A circuit that combines an active device (such as an op-amp) with resistors and capacitors to realize a frequency-selective response is referred to as what type of filter?

Difficulty: Easy

Correct Answer: active filter

Explanation:


Introduction:
Filters are used to shape spectra by passing desired frequency bands and attenuating others. When a filter uses an active element such as an operational amplifier together with passive resistors and capacitors, it is called an active filter. These are ubiquitous in audio, instrumentation, and communications front-ends due to their predictable response and ability to provide gain and buffering.


Given Data / Assumptions:

  • Presence of an amplifier (op-amp, BJT, FET) in combination with RC networks.
  • Goal is to realize a frequency-selective transfer function (low-pass, high-pass, band-pass, or band-stop).
  • No inductors are required; the active device can synthesize inductor-like behavior when needed.


Concept / Approach:
Active filters use negative feedback around an amplifier to implement precise poles and zeros. By choosing component values, one can realize standard responses (Butterworth, Bessel, Chebyshev, multiple feedback, Sallen–Key) with controllable cutoff frequency, quality factor, and gain. The amplifier also isolates stages, presenting high input impedance and low output impedance.


Step-by-Step Solution:
Identify components: op-amp + R and C form the building block.Select topology: e.g., Sallen–Key for low-pass/high-pass or multiple-feedback for band-pass.Set design targets: choose fc, Q, and passband gain by calculating resistor and capacitor values.Implement and verify: simulate or measure magnitude and phase to confirm the intended frequency response.

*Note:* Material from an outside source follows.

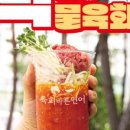 육회바른연어안양 네이버블로그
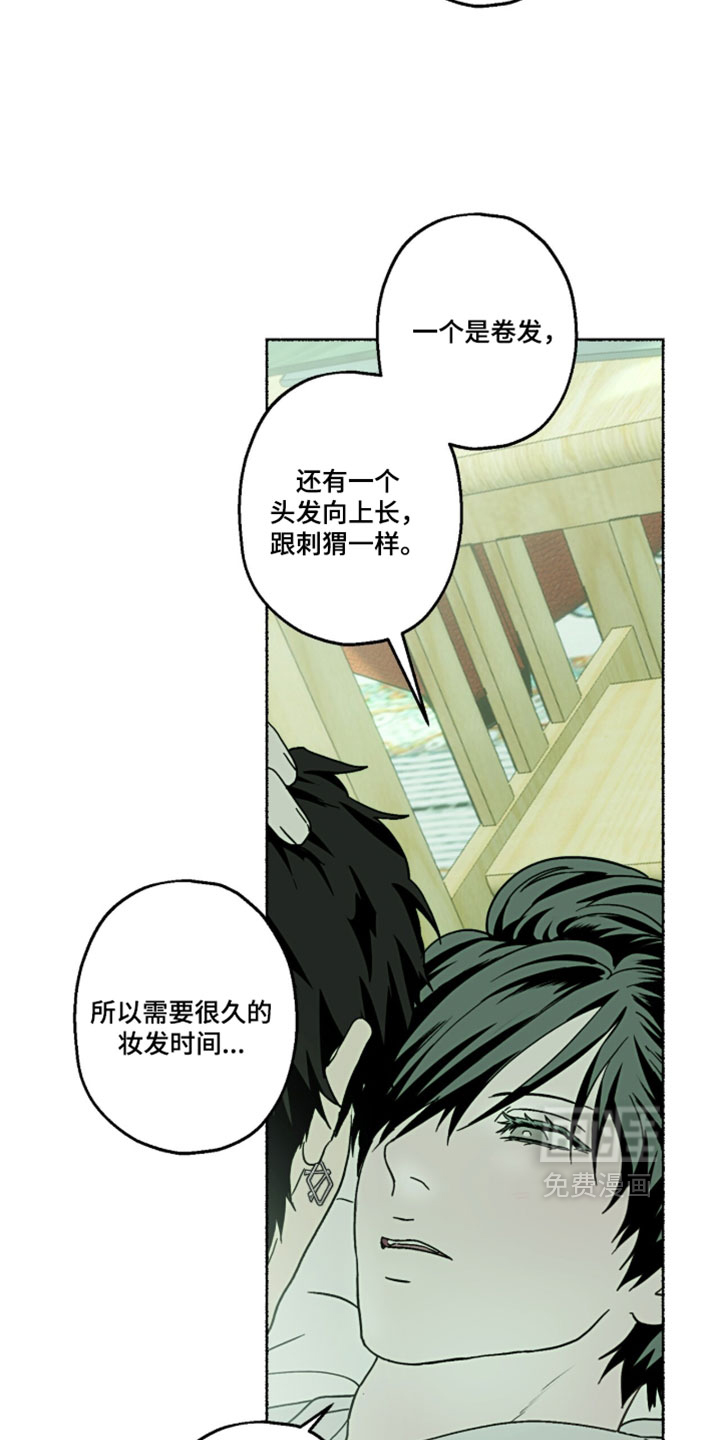 第53话14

Verification / Alternative check:
Active filters provide gain (unlike purely passive RC filters), maintain load isolation, and allow precise tuning. Replacing the amplifier with a passive network would remove these advantages and change the classification to a passive filter.


Why Other Options Are Wrong:

  • Relaxation or harmonic oscillator: These generate periodic signals rather than selective filtering of an input.
  • Signal generator: Broad term for sources, not selective networks.
  • Differential amplifier: A building block that amplifies differences; not itself a filter unless combined with RC networks in a feedback configuration.


Common Pitfalls:

  • Assuming an op-amp alone makes a circuit an active filter; the RC network and feedback define the filtering.
  • Ignoring op-amp bandwidth and slew-rate limits that can distort high-frequency responses.
  • Loading effects between cascaded stages when buffering is omitted.